The task: Could the entries below be reproduced exactly, with the images removed?

Records supplied:
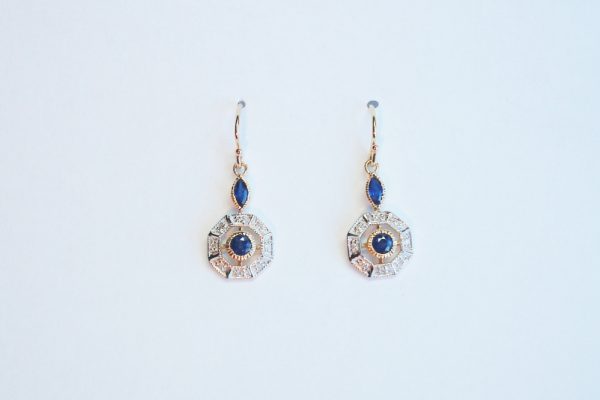 Art Deco Style Sapphire and Brilliant Cut Diamond Drop Earrings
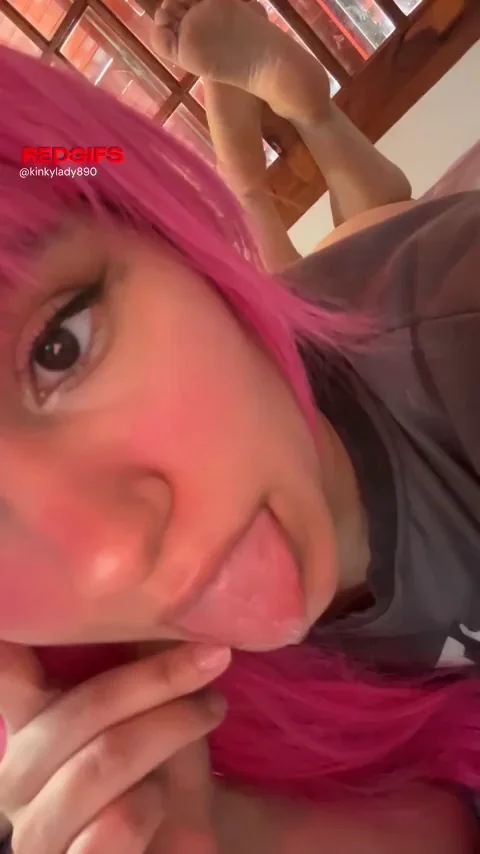 Pink-Haired Slut Teases with Feet and Tongue, Begging Daddy to Pound Her Juicy Ass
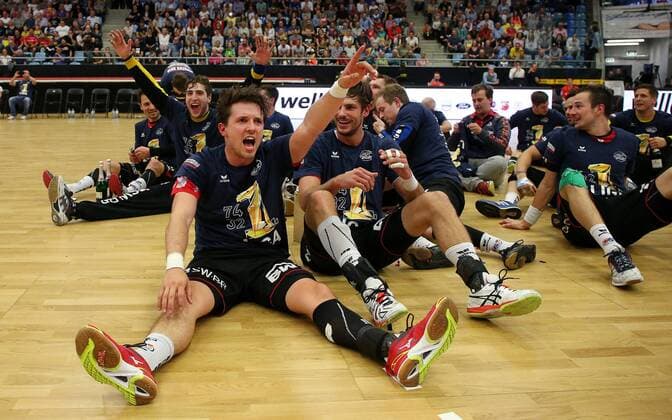 BAU 11 05 2018 Bietigheim Handball SG BBM Bietigheim vs TV Emsdetten ahead of Jan Asmuth Paco Barthe BBM is pleased about the rise in the back left Domenico Ebner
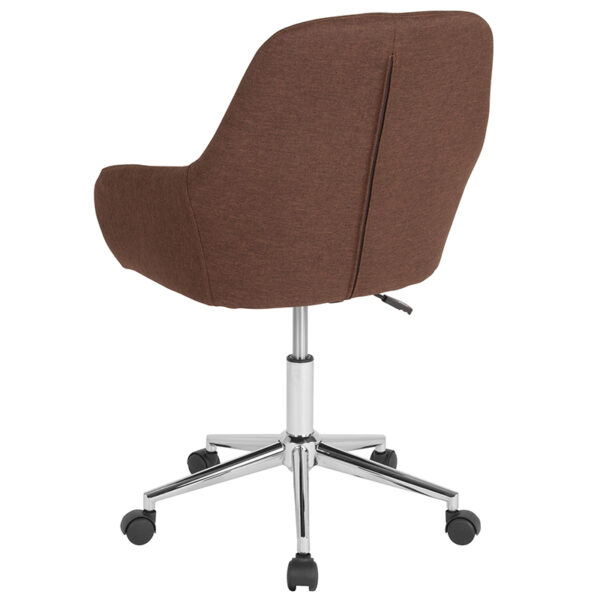 Contemporary Task Office Chair Brown Fabric Mid-Back Chair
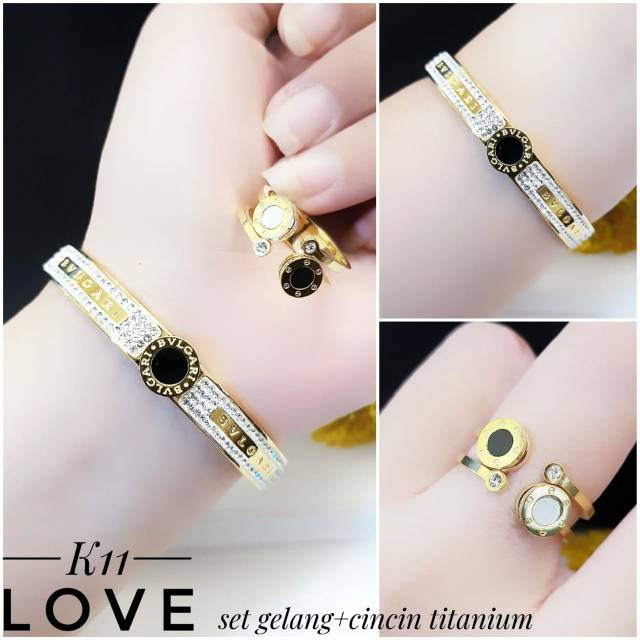 Set Titanium Gelang dan Cincin
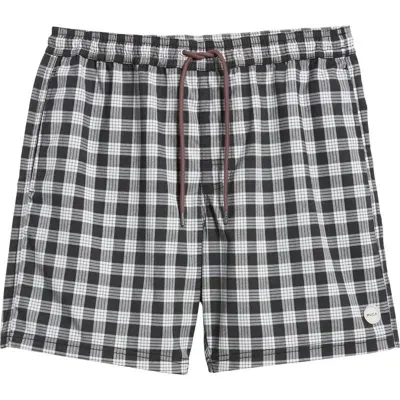 Rvca Escape Check Shorts In Black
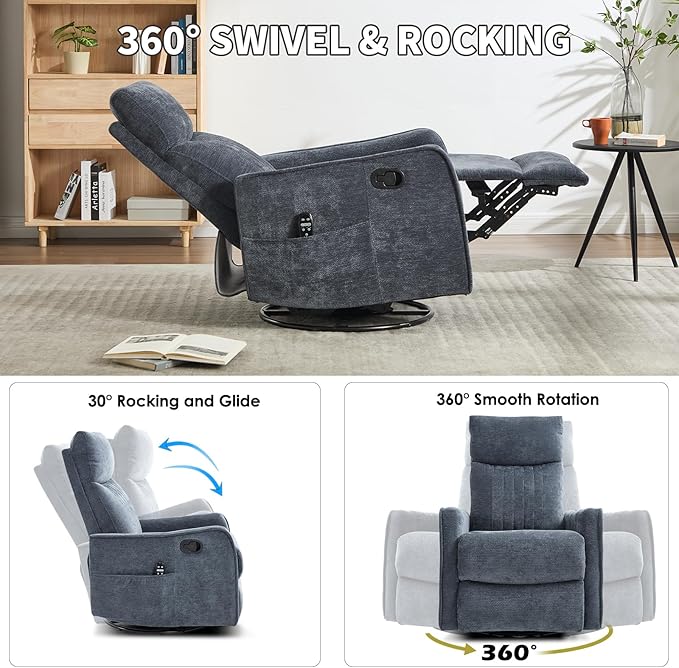 Trustyue Swivel Rocker Recliner Chair, 360° Swivel Recliner - Image 6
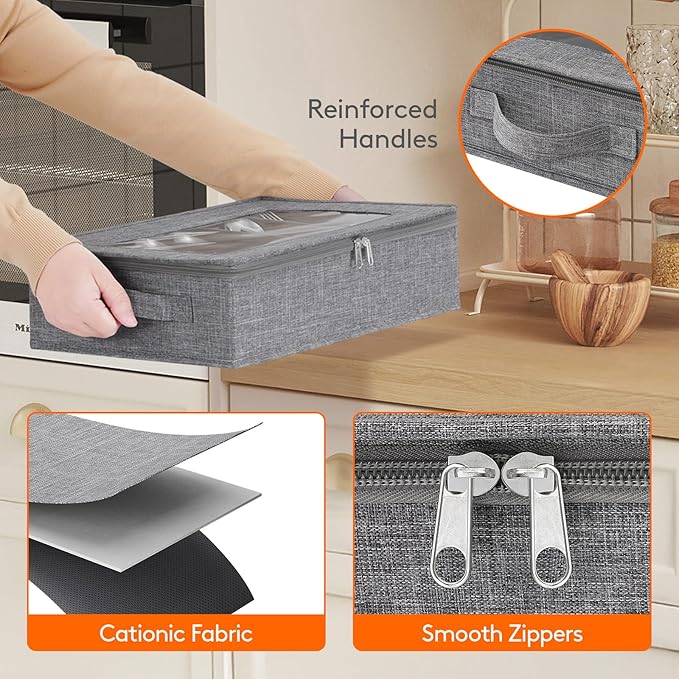 Lifewit Silverware Storage Box, Flatware Organizer with Zipper Lid, 5 Compartment Cutlery Case with Adjustable Divider and Handle, Utensil Container for Spoon Fork Knives Tableware, Gray, 1 Pack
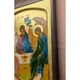 Писаная греческая икона Святая Троица (Ветхозаватная) 27,5×34 см - изображение 4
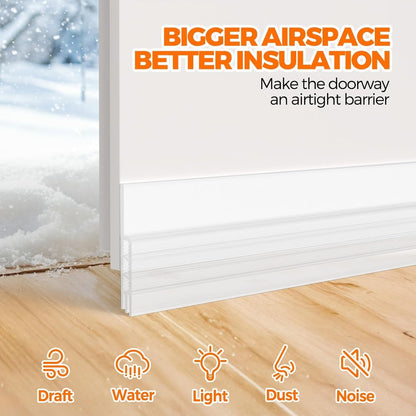 Holikme Door Draft Stopper 41inch Weather Stripping Door Seal Sweep | Under Door Draft Insulator Strong Adhesive Silicone Garage Window Strip Blocker Cold Air & Noise, Easy Install Save Energy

Written response:
 Art Deco Style Sapphire and Brilliant Cut Diamond Drop Earrings
 Pink-Haired Slut Teases with Feet and Tongue, Begging Daddy to Pound Her Juicy Ass
 BAU 11 05 2018 Bietigheim Handball SG BBM Bietigheim vs TV Emsdetten ahead of Jan Asmuth Paco Barthe BBM is pleased about the rise in the back left Domenico Ebner
 Contemporary Task Office Chair Brown Fabric Mid-Back Chair
 Set Titanium Gelang dan Cincin
 Rvca Escape Check Shorts In Black
 Trustyue Swivel Rocker Recliner Chair, 360° Swivel Recliner - Image 6
 Lifewit Silverware Storage Box, Flatware Organizer with Zipper Lid, 5 Compartment Cutlery Case with Adjustable Divider and Handle, Utensil Container for Spoon Fork Knives Tableware, Gray, 1 Pack
 Писаная греческая икона Святая Троица (Ветхозаватная) 27,5×34 см - изображение 4
 Holikme Door Draft Stopper 41inch Weather Stripping Door Seal Sweep | Under Door Draft Insulator Strong Adhesive Silicone Garage Window Strip Blocker Cold Air & Noise, Easy Install Save Energy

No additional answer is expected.